Al Qaeda in Brazil?
10:00 AM, Apr 7, 2011 • By JAIME DAREMBLUM
The Brazilian magazine Veja is reporting that al Qaeda members have established an active presence in South America’s largest country, as have militants associated with Hezbollah, Hamas, and other terrorist groups. They are apparently engaged in fundraising, recruitment, and strategic planning. Earlier this week, Aldo Donzis, a leading figure in the Argentine Jewish community, spoke to the JTA news agency and voiced alarm about the revelations.
“We have high concern about fundamentalist movements in Latin America and about recruitment activities of fundamentalist movements,” Donzis said. “We shared this information with Latin American parliamentarians last July and they agreed with our information. But the situation is getting worse. In Argentina, we have seen graffiti written in Arabic calling for jihad which coincided with the visit of Iranians here. Also, this graffiti was seen in Bolivia. We understand that Brazil needs to feel worried and act.”
Terrorists have long found haven in South America’s so-called Triple Frontier, which encompasses the intersection of Brazil, Argentina, and Paraguay. This area is known for being a Wild West of lawlessness, drug trafficking, and organized crime. Argentina is especially sensitive to increased terrorist activity in the region. During the 1990s, it suffered two deadly bombings orchestrated by Hezbollah and Iran. The first (in 1992) destroyed the Israeli embassy in Buenos Aires; the second (in 1994) demolished a Jewish community center in the same city.

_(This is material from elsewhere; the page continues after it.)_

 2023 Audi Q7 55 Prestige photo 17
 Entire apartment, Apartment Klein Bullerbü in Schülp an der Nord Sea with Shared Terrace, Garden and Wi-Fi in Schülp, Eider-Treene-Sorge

Speaking of Iran, the head of U.S. Southern Command, General Douglas Fraser, testified before the Senate Armed Services Committee on Tuesday and declared that “Iran continues expanding regional ties to support its own diplomatic goal of reducing the impact of international sanctions connected with its nuclear program. While much of Iran’s engagement in the region has been with Venezuela and Bolivia, it has nearly doubled the number of embassies in the region in the past decade and hosted three regional heads of state in 2010.”

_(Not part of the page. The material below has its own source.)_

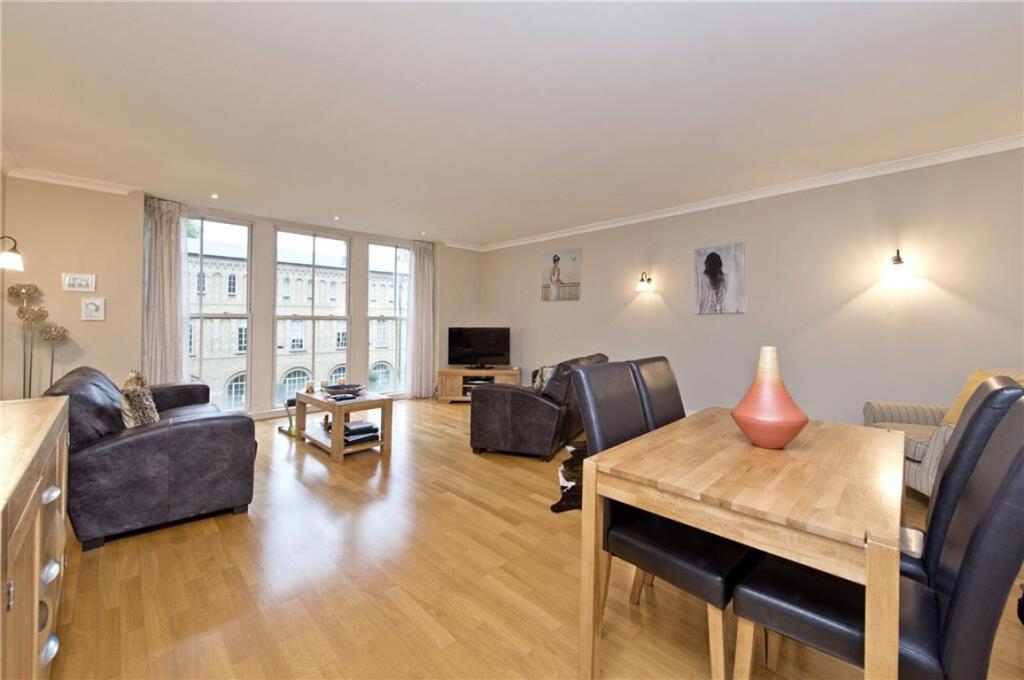 2 bed 1st Floor Flat for rent in Chelsea. From Marsh & Parsons - Chelsea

General Fraser expressed concern that “there are flights between Iran and Venezuela on a weekly basis, and visas are not required for entrance into Venezuela or Bolivia or Nicaragua.” He also confirmed that “members of violent extremist organizations from the Middle East remain active in Latin America and the Caribbean and constitute a potential threat. Hezbollah supporters continue to raise funds within the region to finance their worldwide activities. Several entities affiliated with Islamic extremism are increasing efforts to recruit adherents in the region, and we continue to monitor this situation closely.”
Yet another reason for the Obama administration to rethink its passive approach to Latin America.
Jaime Daremblum, who served as Costa Rica’s ambassador to the United States from 1998 to 2004, is director of the Center for Latin American Studies at the Hudson Institute.